Becoming Mothers of the Word

Becoming Mothers of the Word

Solemnity of the Nativity of the Lord  |  Br Andrew Brookes explains how we disciples of Jesus are to enflesh or mother the Word and bring forth Christ.

We celebrate today the Birthday of Jesus. God took human flesh and was born in Bethlehem because he wants to be conceived, born and made manifest in the flesh of every human being.

Christmas does not just mean that Mary is the mother of Christ, and Mother of God’s Word, but that each of us is called to enflesh God’s Word. All disciples are called to be mothers. Jesus said ‘Anyone who does the will of my Father is my mother and brother and sister (Mt 12:50).’ There is no distinction here between male and female disciples: we are each to be his mother.

The biological understanding of a mother at the time of Christ was that she receives and enfleshes the principle of life, normally the semen, that she received, further nurturing the child after giving birth. The core idea remains valid, even if we now know she contributes an ovum to what she receives.  Mary received not semen, but the Eternal Word of God which is the ultimate principle of all life. ‘Through the Word all things had being (Jn 1:2).’ Like her, we are all called to be mothers of Christ: to conceive, birth and manifest Christ to the world. We should not think of that in biological terms, though it truly involves human lives and flesh. As Jesus himself said when someone blessed the womb that bore him and the breasts that suckled him: ‘More blessed are they who hear the word of God and keep it (Lk 11:28).’

We should look to Mary’s spiritual qualities more than her biological relationship to Jesus if we want to learn from her how to conceive, birth and manifest Jesus.  Mary is the model par excellence of how we are to enflesh or mother the Word and bring forth Christ.

We are to conceive by daring to believe the Word can be received and actually enfleshed in us, in the mortal flesh of me and each of you. For nothing is impossible to God, however much we dismiss ourselves or how wretched we actually are. We are to give the Incarnate Word and all the words he spoke a warm welcome and fertile womb in which to grow by a radical and often renewed offering of all that we are and have to God. For behold, each of us is to be the servant of the Lord.  We are to obediently let every word of Christ be done to us by our full and prompt obedience to it. We are to keep believing that the Lord will fulfil his words to us, in good times and hard times. We are to magnify the Lord in praise, since praise opens us still more to God’s presence and action within us. We are to ponder and keep his word in our hearts, treasuring them with love, and turning them over so are minds are progressively illumined by their truth. We are to guard them from all who would snatch them, and even Christ himself, away from us or kill off their influence.  We are to accept the challenge and pain that following the Word involves. We are to urge others to obey him too.
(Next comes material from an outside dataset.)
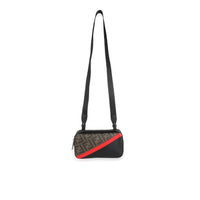 Fendi FF Logo Coated Canvas, Red, & Black Calfskin Micro Camera Bag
All this will mean a life of grace has been conceived in us, and that faith, hope and love in and of the Word which is Christ are at work in us. We will be changed from within. Virtues will be born in us. Our moral thinking, our sense of justice and mercy, our self-control and our courage will all increase.  And our lives will birth and manifest good works pleasing to God and words that and speak of Christ to others, such that those who see us and hear us will see Christ. We may also help form Christ in others, offering them the Word of Life, forming them in Christ, helping them manifest him in their lives. This is a kind of mothering too.

Through it all the Word will continue to receive flesh and, more people will become children of God. Let us then contribute to this by learning from Mary to be mothers of Christ, and so celebrate Christmas not just today but throughout the whole year.


Photograph by Fr Lawrence Lew OP of a window in the Priory of Santa Sabina, headquarters of the Order of Preachers in Rome.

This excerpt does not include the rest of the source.